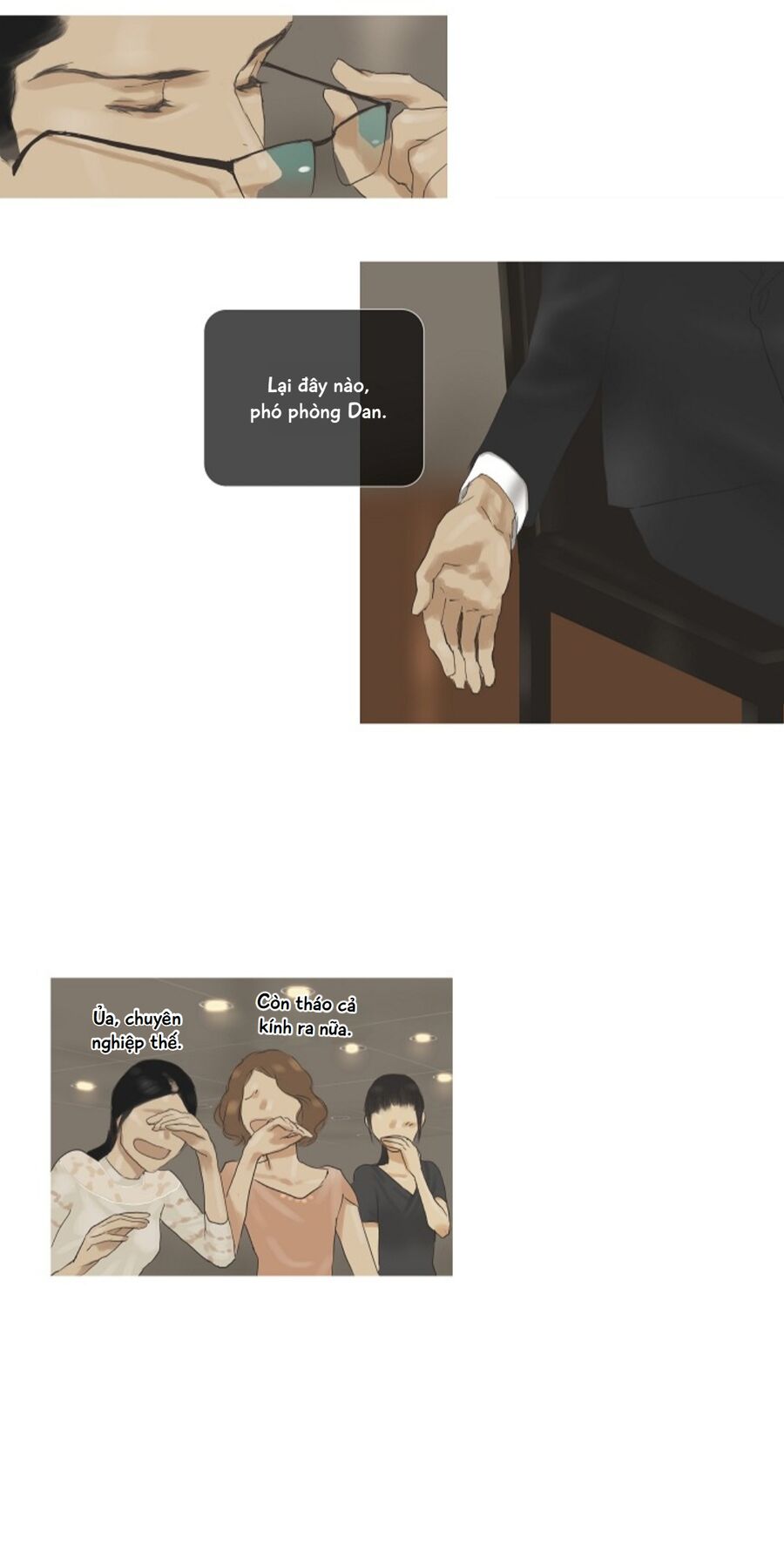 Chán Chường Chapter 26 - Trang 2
---
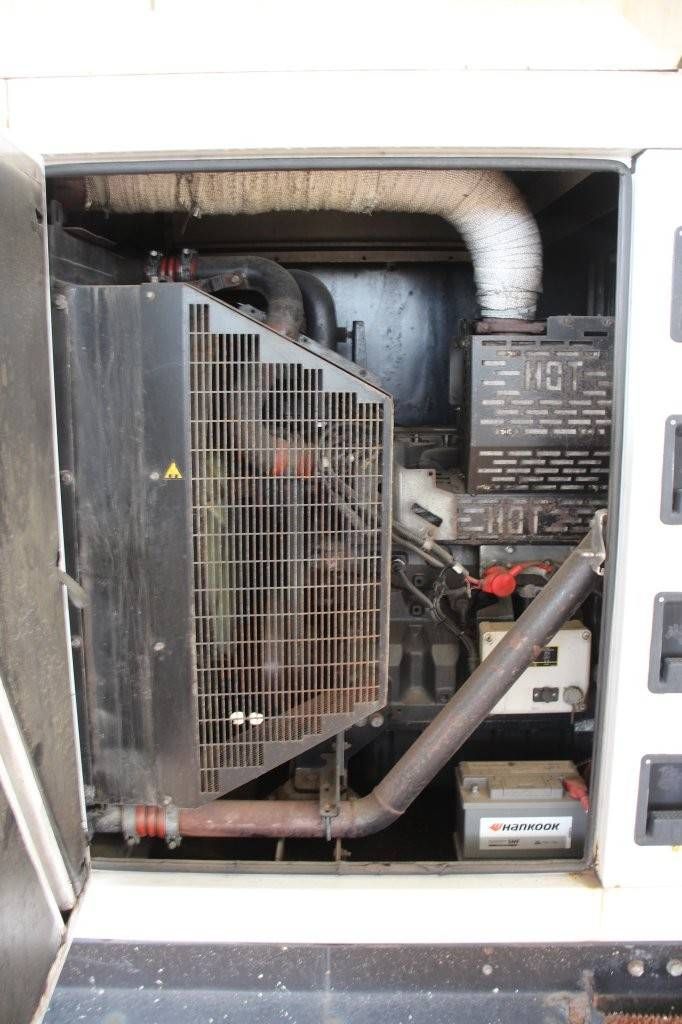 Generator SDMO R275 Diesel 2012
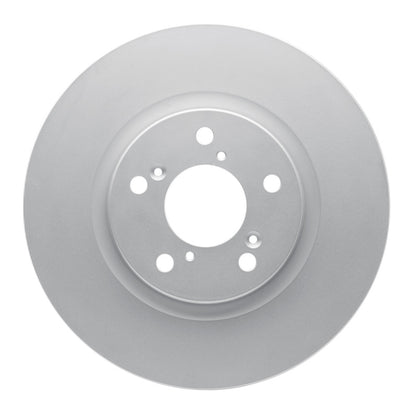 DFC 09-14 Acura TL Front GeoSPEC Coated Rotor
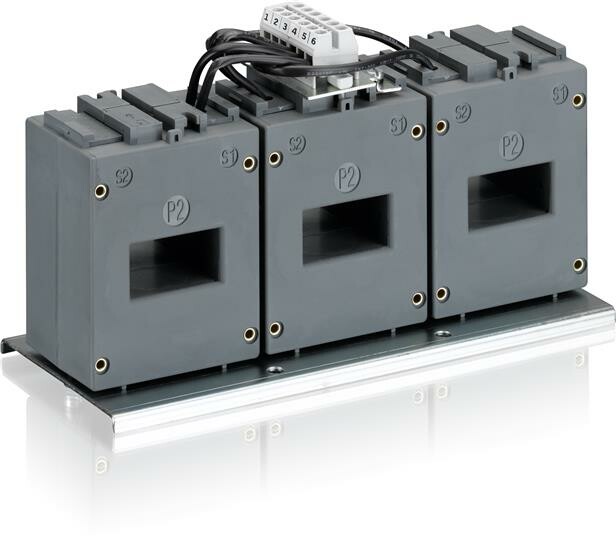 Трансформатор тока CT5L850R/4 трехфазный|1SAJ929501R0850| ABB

* [TASK OBJECTIVE] In the listing above, find the line containing "DFC 09-14 Acura" and the line containing "Трансформатор тока CT5L850R/4", then output those two lines and everything between them exactly as written, without the images.

* [FINISHED EXERCISE]
 DFC 09-14 Acura TL Front GeoSPEC Coated Rotor
 Трансформатор тока CT5L850R/4 трехфазный|1SAJ929501R0850| ABB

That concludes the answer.